━━ Entries supplied ━━
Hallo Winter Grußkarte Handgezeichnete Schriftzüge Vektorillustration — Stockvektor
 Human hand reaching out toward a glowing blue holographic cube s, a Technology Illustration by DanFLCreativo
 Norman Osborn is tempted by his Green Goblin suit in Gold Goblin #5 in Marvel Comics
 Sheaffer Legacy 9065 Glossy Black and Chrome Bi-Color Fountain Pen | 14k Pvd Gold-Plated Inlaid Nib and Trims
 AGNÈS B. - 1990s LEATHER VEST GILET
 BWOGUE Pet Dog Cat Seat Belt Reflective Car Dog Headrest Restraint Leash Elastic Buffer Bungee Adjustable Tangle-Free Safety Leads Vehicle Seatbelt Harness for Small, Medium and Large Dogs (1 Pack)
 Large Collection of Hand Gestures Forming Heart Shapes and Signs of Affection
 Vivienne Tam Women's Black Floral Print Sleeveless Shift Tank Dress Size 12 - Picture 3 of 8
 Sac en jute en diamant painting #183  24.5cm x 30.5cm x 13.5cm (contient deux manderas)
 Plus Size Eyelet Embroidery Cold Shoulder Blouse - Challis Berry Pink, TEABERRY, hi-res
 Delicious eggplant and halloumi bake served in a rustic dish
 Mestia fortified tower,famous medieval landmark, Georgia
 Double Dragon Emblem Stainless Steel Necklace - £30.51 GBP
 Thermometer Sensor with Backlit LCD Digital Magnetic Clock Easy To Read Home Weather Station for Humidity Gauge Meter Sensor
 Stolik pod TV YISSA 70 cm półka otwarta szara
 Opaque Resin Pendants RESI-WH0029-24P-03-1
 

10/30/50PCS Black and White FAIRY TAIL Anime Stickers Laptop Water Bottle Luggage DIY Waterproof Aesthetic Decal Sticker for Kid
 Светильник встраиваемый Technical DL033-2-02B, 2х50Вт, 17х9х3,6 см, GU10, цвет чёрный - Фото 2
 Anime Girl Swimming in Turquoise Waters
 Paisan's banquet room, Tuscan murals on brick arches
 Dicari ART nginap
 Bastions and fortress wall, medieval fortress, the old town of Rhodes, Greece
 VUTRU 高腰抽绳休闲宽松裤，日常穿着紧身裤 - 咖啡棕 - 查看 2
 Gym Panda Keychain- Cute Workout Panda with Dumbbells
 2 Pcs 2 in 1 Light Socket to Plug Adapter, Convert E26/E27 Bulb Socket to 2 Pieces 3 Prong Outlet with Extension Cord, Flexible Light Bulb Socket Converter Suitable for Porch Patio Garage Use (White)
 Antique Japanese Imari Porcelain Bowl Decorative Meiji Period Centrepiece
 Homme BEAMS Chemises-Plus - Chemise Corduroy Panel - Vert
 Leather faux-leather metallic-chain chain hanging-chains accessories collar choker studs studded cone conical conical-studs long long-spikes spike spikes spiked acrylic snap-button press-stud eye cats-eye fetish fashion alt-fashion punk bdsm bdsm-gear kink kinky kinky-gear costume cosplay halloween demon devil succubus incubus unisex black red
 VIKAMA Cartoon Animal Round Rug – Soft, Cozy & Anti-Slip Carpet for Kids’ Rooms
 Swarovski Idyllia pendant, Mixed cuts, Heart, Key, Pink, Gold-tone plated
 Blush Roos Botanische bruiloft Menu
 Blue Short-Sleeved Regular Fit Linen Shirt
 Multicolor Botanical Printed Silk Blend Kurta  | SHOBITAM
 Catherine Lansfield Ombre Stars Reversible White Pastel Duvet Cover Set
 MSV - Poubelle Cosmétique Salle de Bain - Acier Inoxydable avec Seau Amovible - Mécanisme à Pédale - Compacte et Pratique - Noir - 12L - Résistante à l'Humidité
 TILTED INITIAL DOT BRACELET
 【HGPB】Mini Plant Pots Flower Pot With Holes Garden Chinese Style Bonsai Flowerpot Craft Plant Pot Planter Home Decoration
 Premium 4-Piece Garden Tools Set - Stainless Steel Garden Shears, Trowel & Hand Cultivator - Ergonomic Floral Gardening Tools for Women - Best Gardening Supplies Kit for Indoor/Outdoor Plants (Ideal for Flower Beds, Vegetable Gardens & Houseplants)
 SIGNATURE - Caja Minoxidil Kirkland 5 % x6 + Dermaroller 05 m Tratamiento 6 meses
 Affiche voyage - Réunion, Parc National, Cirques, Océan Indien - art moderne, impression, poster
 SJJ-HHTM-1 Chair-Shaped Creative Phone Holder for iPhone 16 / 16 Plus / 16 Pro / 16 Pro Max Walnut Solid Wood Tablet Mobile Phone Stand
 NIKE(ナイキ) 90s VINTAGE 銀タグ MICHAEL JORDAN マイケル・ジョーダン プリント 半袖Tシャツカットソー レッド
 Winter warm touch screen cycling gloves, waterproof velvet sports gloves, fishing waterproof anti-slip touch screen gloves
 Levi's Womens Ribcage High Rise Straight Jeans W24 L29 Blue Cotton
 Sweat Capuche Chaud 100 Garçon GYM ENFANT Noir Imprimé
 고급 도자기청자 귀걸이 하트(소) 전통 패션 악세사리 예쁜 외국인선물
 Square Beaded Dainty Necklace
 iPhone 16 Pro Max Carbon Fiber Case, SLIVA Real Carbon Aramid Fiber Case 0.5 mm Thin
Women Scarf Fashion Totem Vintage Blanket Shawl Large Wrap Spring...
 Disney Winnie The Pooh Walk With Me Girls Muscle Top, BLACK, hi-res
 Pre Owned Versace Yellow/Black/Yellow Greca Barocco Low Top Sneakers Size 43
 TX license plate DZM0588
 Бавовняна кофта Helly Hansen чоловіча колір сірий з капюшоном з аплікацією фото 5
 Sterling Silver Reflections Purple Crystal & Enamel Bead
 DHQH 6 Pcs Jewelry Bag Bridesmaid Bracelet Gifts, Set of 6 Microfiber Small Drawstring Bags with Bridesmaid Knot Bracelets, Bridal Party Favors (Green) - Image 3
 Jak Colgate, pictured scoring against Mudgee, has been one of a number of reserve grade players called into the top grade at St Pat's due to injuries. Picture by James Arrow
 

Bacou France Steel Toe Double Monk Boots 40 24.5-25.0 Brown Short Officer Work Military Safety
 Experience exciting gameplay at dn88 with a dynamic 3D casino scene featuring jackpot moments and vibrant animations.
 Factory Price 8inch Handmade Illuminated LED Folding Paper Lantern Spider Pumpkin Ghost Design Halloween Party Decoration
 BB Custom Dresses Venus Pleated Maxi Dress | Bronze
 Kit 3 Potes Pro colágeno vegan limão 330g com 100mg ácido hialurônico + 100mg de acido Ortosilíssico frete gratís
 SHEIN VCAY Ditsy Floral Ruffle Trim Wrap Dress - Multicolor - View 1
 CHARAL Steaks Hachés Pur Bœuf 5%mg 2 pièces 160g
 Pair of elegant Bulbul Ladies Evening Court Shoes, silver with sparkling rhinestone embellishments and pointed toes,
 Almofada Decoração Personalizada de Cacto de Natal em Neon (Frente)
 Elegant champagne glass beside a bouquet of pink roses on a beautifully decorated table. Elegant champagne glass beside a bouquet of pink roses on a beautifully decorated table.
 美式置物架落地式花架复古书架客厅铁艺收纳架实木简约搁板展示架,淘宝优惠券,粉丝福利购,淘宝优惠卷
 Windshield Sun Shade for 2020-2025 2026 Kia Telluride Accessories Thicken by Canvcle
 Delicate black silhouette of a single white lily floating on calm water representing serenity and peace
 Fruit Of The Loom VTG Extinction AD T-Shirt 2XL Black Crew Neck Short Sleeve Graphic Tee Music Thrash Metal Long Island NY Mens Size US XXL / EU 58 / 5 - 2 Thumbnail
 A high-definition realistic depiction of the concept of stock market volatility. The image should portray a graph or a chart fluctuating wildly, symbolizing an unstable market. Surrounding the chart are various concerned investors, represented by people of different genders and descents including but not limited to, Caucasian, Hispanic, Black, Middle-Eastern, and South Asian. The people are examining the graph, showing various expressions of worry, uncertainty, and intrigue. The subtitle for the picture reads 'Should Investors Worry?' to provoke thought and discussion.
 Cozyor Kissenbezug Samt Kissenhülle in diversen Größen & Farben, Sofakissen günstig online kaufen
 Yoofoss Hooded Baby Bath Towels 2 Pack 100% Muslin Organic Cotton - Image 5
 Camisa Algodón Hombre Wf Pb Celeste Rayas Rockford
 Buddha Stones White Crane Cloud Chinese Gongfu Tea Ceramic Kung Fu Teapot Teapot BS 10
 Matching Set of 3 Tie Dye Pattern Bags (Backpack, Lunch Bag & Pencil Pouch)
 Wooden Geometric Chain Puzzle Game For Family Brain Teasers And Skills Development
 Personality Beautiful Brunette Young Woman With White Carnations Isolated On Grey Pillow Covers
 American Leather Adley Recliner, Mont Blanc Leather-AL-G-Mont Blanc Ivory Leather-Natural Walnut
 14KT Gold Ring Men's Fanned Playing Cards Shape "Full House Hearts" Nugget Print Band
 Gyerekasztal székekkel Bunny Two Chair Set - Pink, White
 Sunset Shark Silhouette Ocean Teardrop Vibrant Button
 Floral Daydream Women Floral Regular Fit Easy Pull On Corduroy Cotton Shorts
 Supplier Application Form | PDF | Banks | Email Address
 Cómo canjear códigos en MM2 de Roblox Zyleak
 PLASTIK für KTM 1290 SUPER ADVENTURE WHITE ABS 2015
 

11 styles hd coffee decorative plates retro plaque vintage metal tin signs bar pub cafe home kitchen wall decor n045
━━━
> What the task asks: Your reply should hold only the lines from the first line of the records through the one with "Norman Osborn is", reproduced word for word.

> Written answer:
Hallo Winter Grußkarte Handgezeichnete Schriftzüge Vektorillustration — Stockvektor
 Human hand reaching out toward a glowing blue holographic cube s, a Technology Illustration by DanFLCreativo
 Norman Osborn is tempted by his Green Goblin suit in Gold Goblin #5 in Marvel Comics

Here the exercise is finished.